▶ [Exercise directions]
Pictures are not part of the copy. Write out exactly the lines from the line with "Now you can" through the end of the entries below.

Collected data:
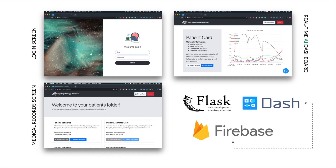The web platform serves as the user interface for the medical staff to interact with patients using the AI solution. It was built completely in Python, using Flask, Dash, along with Dash Bootstrap components, and a connection to Firebase for real-time data serving.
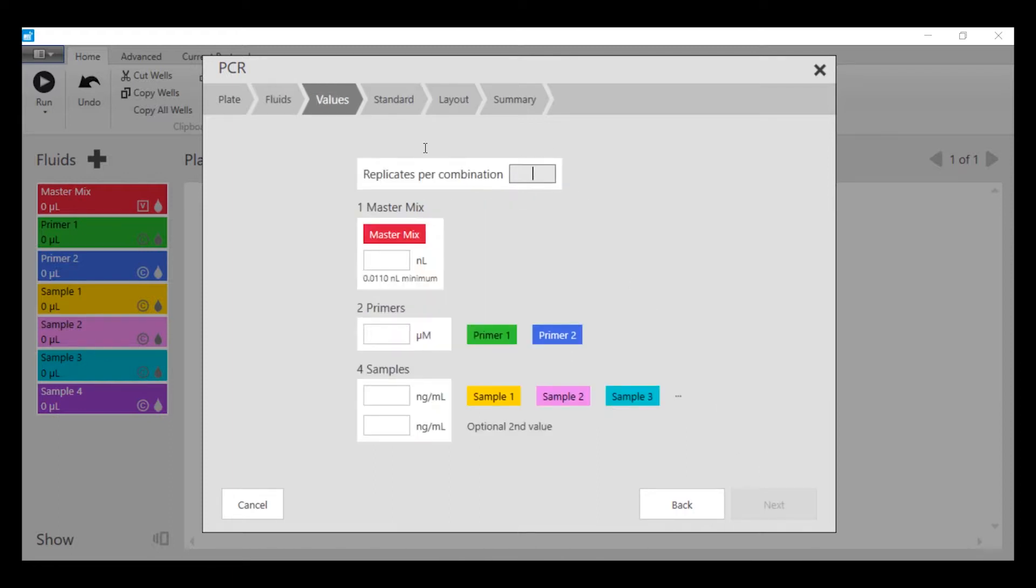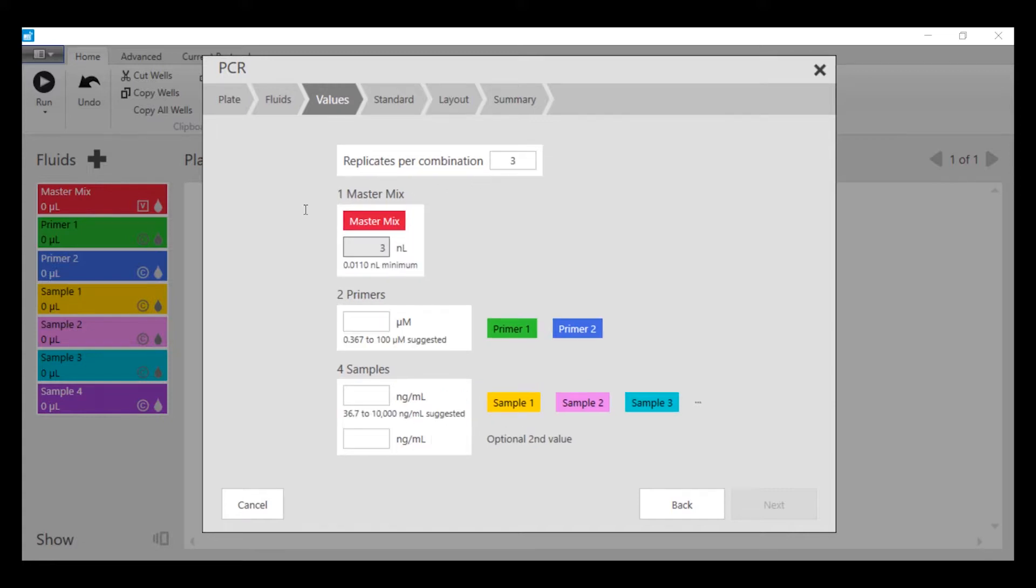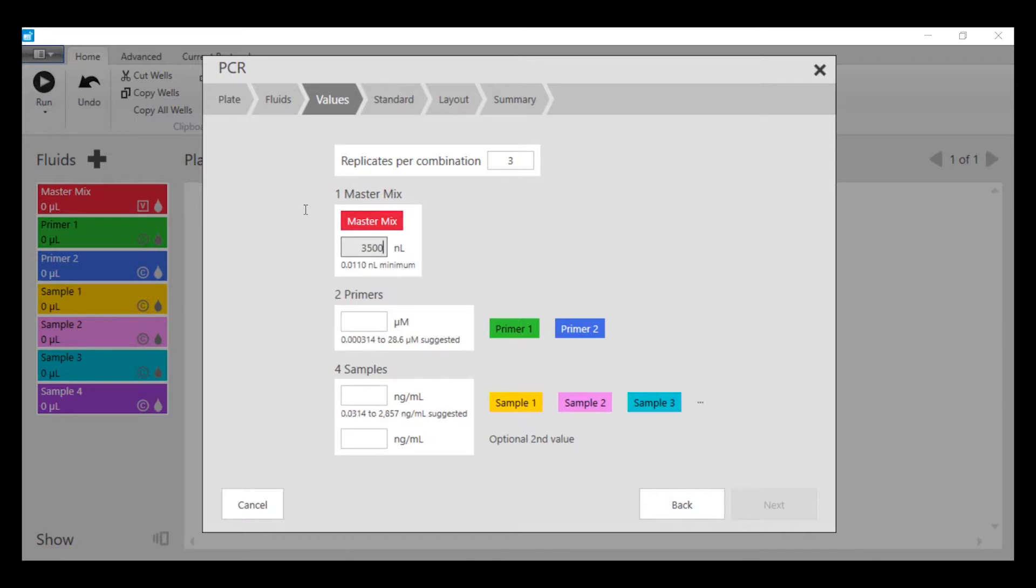We're going to do everything in triplicate. We're going to set the master mix at 3.5 microliters or 3,500 nanoliters. We're going to use primers at 1 micromolar from their 100 micromolar stock. We're going to have the samples be present at 1,000 nanograms per mil in the final qPCR assay.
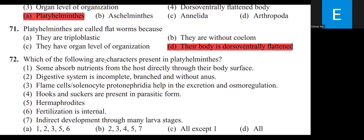Characteristics present in Platyhelminthes: some absorb nutrients from the host directly through their body surface; digestive system is incomplete, branched, and without anus; flame cells (solenocytes/protonephridia) help in excretion and osmoregulation; hooks and suckers are present in parasitic forms; they are hermaphrodites; fertilization is internal; development is indirect through many larval stages.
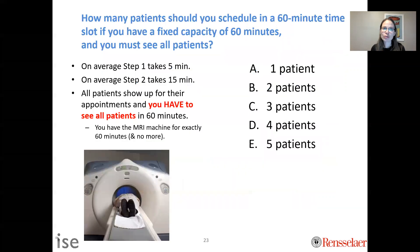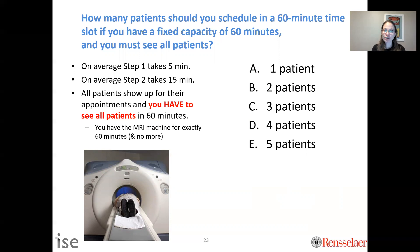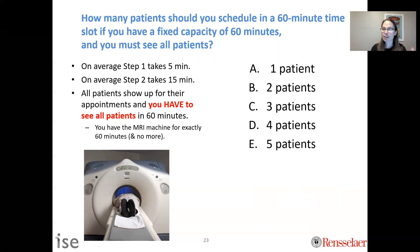The question is: how many patients should you schedule in a 60-minute time slot if you have a fixed capacity of exactly 60 minutes and must see all patients? On average, step one takes 5 minutes and step two takes 15 minutes. All patients show up for their appointment, and you have the MRI machine for exactly 60 minutes and no more. Do you schedule one patient an hour, two, three, four, or five patients an hour?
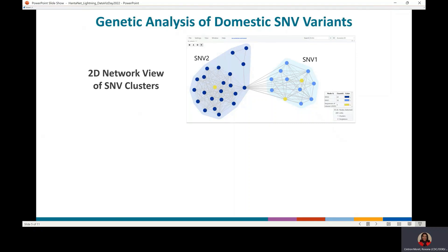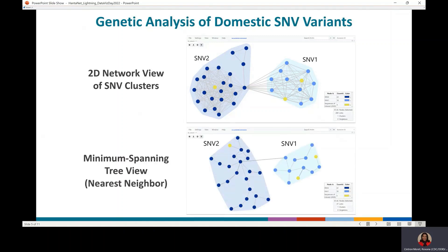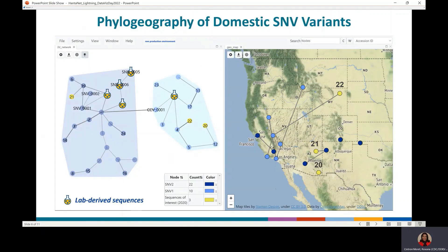Previously, we analyzed the large gene of Sin Nombre virus sequences collected in the United States. We observed two main groups, which we named SMV1 and SMV2. The nearest neighbor algorithm was applied to prune the genetic links to keep the connection between the closest nodes. This is equivalent to the minimum spanning tree, and the link width is proportional to the genetic distance. The yellow nodes represent the sequences of interest, which could be outbreak or new sequences.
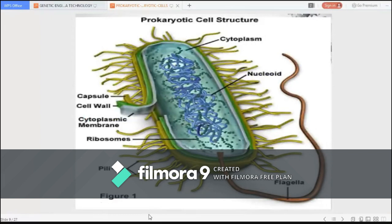Prokaryotes have a simple internal structure, and at around 0.1 to 5.0 microns in diameter, prokaryotic cells are significantly smaller than eukaryotic cells. The small size of prokaryotes allows ions and organic molecules that enter them to quickly diffuse to other parts of the cell. Similarly, any waste produced within a prokaryotic cell can quickly diffuse out.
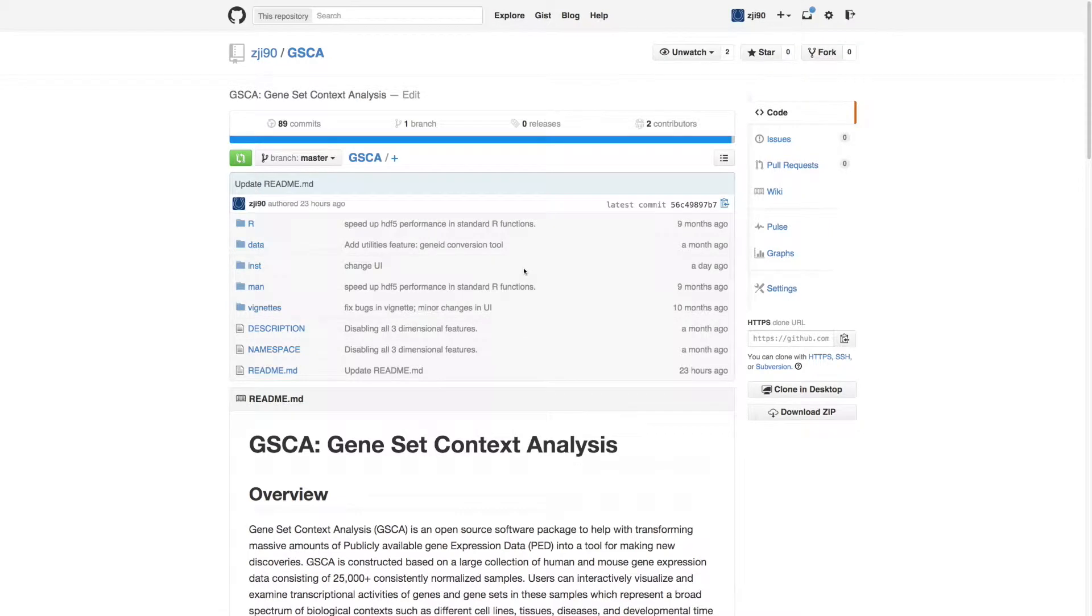Hi, this is a short demonstration of Gene Set Context Analysis User Interface. A complete installation guide is on GitHub.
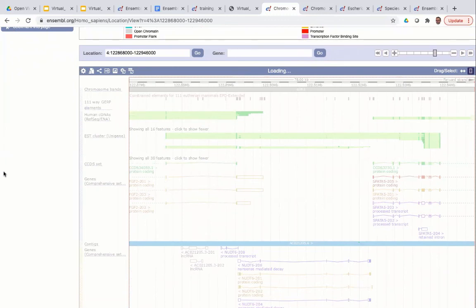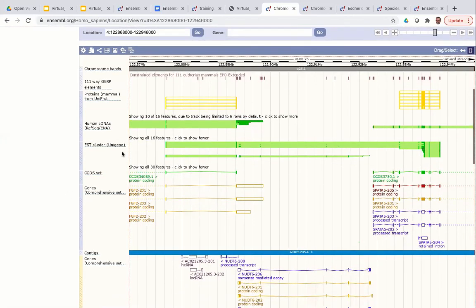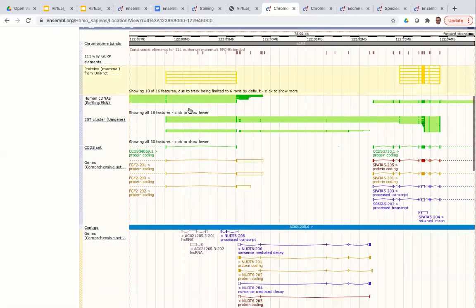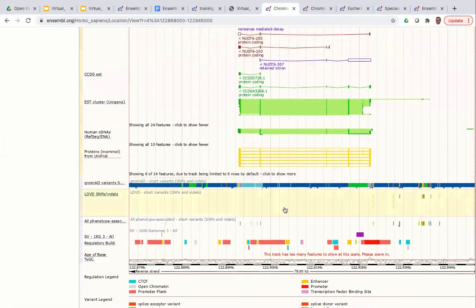Now you can see everything as before, but also the UniProt mammalian protein alignments on the forward strand — shown with the blue bar — and on the reverse strand as well. You can also see the LOVD variants track we added, showing variants from the LOVD database. You can get more information about and manipulate a track by clicking on the track name — this allows you to get more information, change the format, highlight it, or turn the track off.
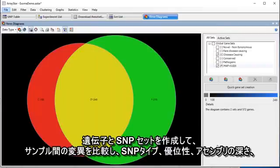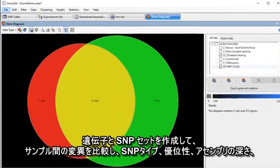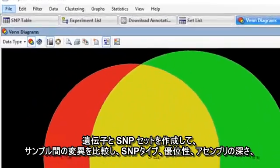Create gene and SNP sets to compare variants between samples and to locate important variants.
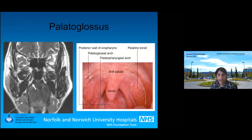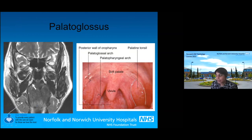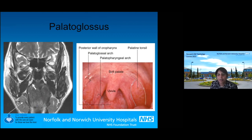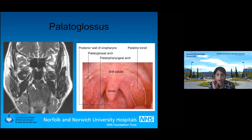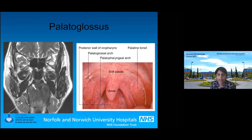Here you can see the uvula, palatine tonsils, the posterior tonsillar pillar which is the palatopharyngeus muscle, and the anterior tonsillar pillar which is the palatoglossus muscle. For radiologists, this is an important muscle — if a patient has a tumor of the anterior tonsillar pillar, the palatoglossus muscle goes all the way down to the tongue base, so we have to follow it all the way down because the tumor could be more extensive than it appears.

▶ [Task solution]
Now you can see everything as before, but also the UniProt mammalian protein alignments on the forward strand — shown with the blue bar — and on the reverse strand as well. You can also see the LOVD variants track we added, showing variants from the LOVD database. You can get more information about and manipulate a track by clicking on the track name — this allows you to get more information, change the format, highlight it, or turn the track off.
Create gene and SNP sets to compare variants between samples and to locate important variants.
Here you can see the uvula, palatine tonsils, the posterior tonsillar pillar which is the palatopharyngeus muscle, and the anterior tonsillar pillar which is the palatoglossus muscle. For radiologists, this is an important muscle — if a patient has a tumor of the anterior tonsillar pillar, the palatoglossus muscle goes all the way down to the tongue base, so we have to follow it all the way down because the tumor could be more extensive than it appears.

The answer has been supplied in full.